Ukrainian artists may not always exhibit the latest techniques and technologies, but I have observed an impressive quality of focused attention in local performers, artists, students and academics. Even the manic desire of collectors-oligarchs for the most expensive and spectacular art acquisitions reflects a similar passion.
This intensity reverberates with a vitality that continually pulls me down to earth, into the dirty, unfinished reality whose uncertainty and imperfections we all seem to want to avoid.
Here, in Kyiv, one comes in contact with real life perhaps more often than desired, which is what attracted me in the first place. But I get the sense that this is precisely what many Ukrainians wish to escape.

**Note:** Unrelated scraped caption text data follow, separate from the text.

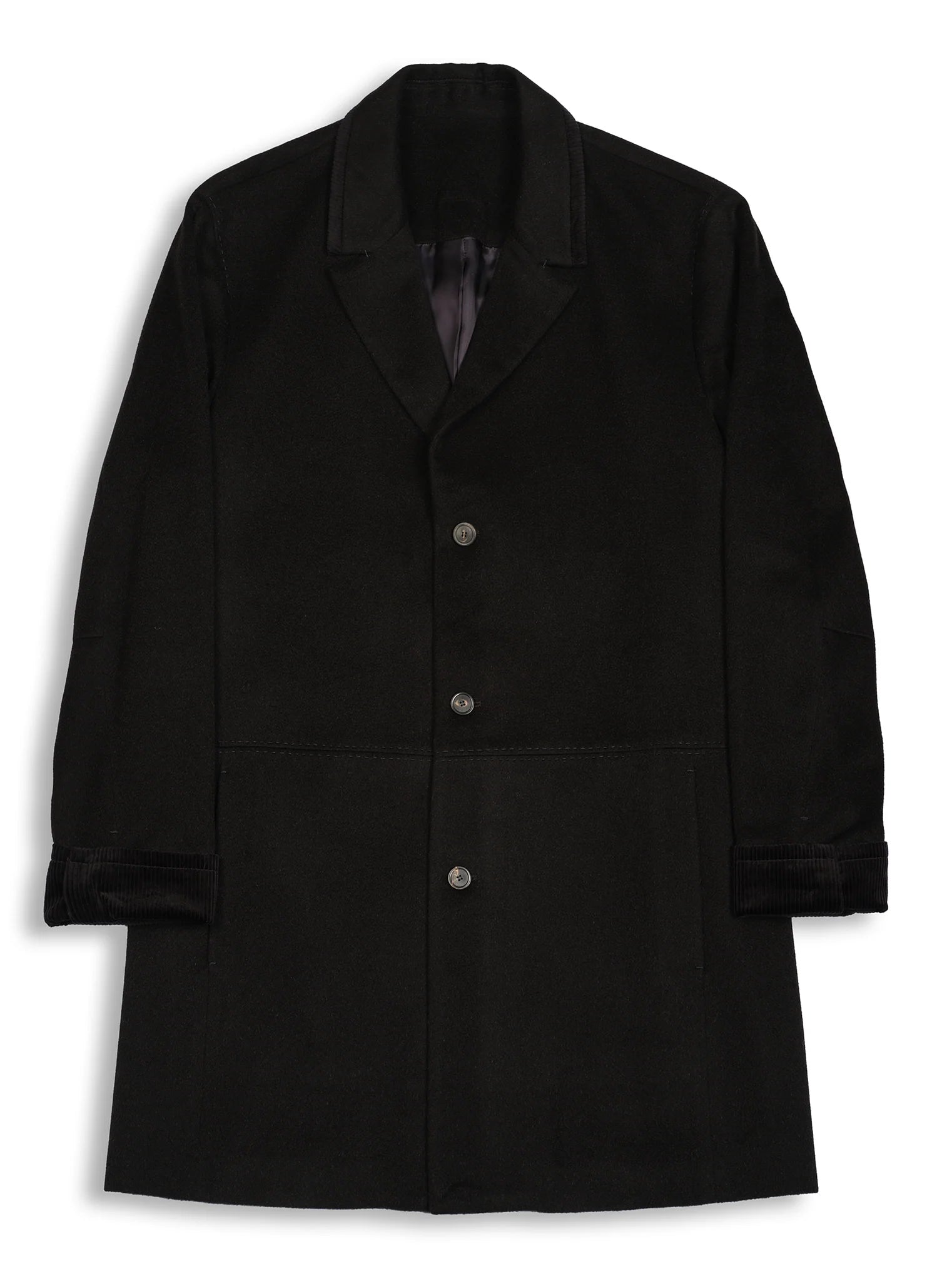 Black Loro Piana Camel Hair Coat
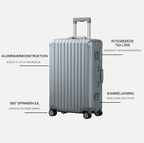 TRAVA ALUMINIUM KUFFERT SØLV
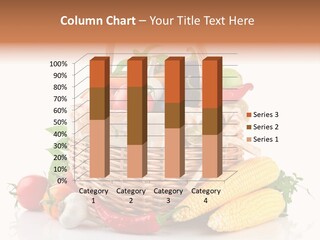 Vegetable Healthy Eating Object PowerPoint Template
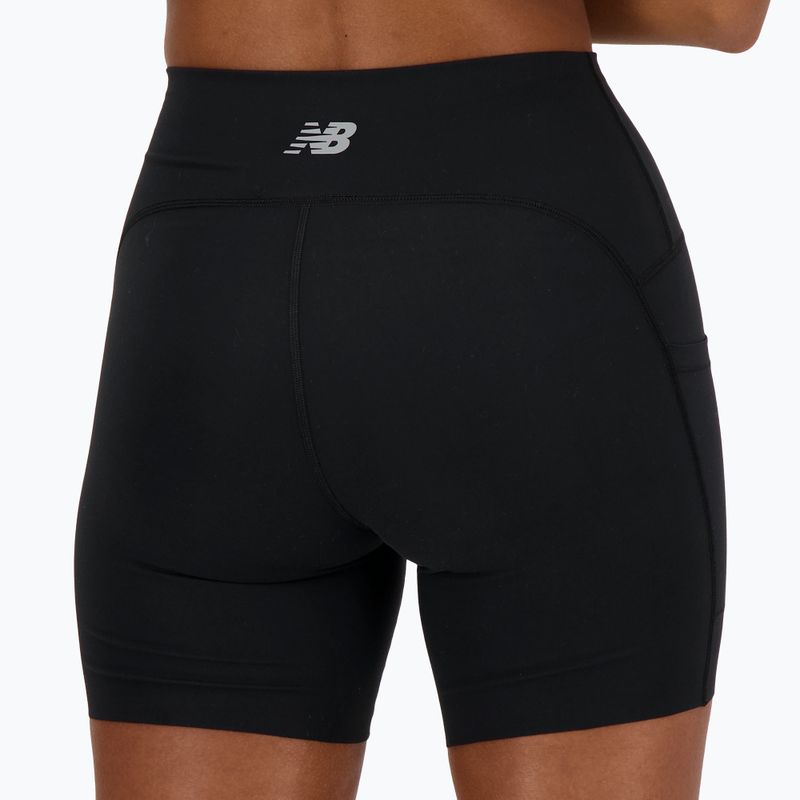 New Balance Damen Shorts Sleek Pocket High Rise 6" schwarz 5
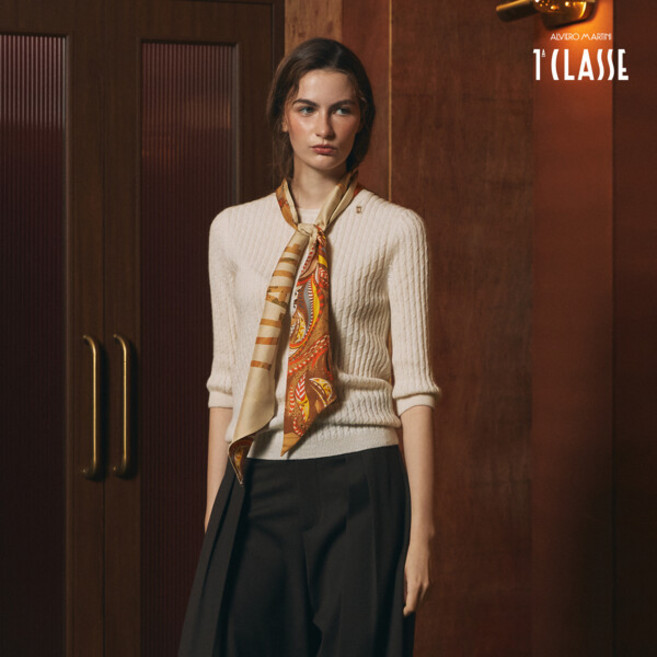 [최종가/런칭가 99000원] 프리마클라쎄 실크 100 페이즐리 스카프 1종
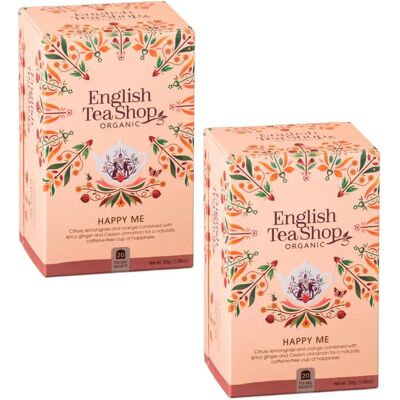English Tea Shop Thé aux Herbes Décaféiné Happy Me - Publicité English Tea Shop Thé aux Herbes Décaféiné Happy Me - Publicité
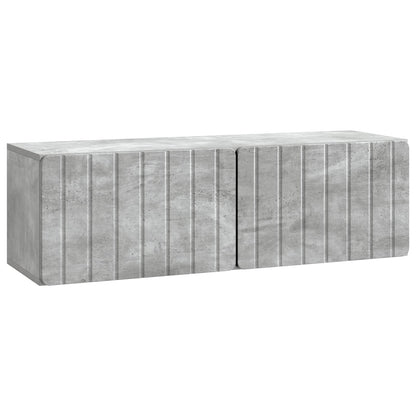vidaXL Wall-Mounted TV Cabinet 98 x 31 x 30 cm Concrete Grey 2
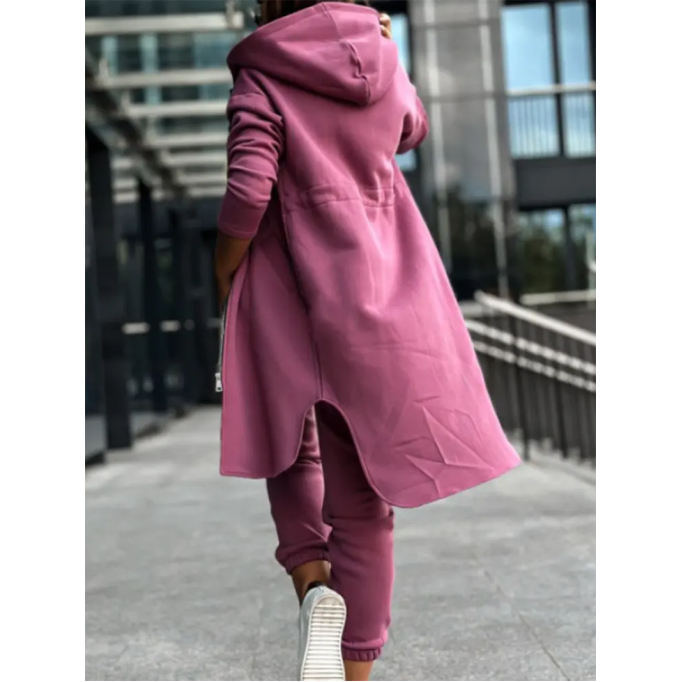 Women's Solid Color Hoodie Two Piece Set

I can only guess at what the Ukrainian audience experiences when it confronts contemporary art here: something at once so distant and so close that it causes feelings of disorientation. The form so unfamiliar and incomprehensible that it’s not even exotic, while the energy is not so unusual as to arouse interest.
This blog will be an attempt to share some ideas that arise from my encounters with art in Ukraine (both viewing and creating). All I can offer is reflections and questions. Feel free to respond, elaborate, argue. Let’s keep talking. More importantly, let’s keep thinking.